Output everything in the listing exactly.

*Supplied entries:*

····················

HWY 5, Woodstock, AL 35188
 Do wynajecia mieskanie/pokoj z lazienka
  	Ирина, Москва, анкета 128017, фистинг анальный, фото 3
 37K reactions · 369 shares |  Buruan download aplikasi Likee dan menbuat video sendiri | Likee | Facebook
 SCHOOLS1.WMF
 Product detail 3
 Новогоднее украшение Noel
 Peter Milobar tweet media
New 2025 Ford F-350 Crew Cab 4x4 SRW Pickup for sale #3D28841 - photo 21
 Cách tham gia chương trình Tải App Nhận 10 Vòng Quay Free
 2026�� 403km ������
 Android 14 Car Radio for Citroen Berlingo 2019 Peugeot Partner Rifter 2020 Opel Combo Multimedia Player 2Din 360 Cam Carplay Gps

····················

*Written response:*
HWY 5, Woodstock, AL 35188
 Do wynajecia mieskanie/pokoj z lazienka
  	Ирина, Москва, анкета 128017, фистинг анальный, фото 3
 37K reactions · 369 shares |  Buruan download aplikasi Likee dan menbuat video sendiri | Likee | Facebook
 SCHOOLS1.WMF
 Product detail 3
 Новогоднее украшение Noel
 Peter Milobar tweet media
New 2025 Ford F-350 Crew Cab 4x4 SRW Pickup for sale #3D28841 - photo 21
 Cách tham gia chương trình Tải App Nhận 10 Vòng Quay Free
 2026�� 403km ������
 Android 14 Car Radio for Citroen Berlingo 2019 Peugeot Partner Rifter 2020 Opel Combo Multimedia Player 2Din 360 Cam Carplay Gps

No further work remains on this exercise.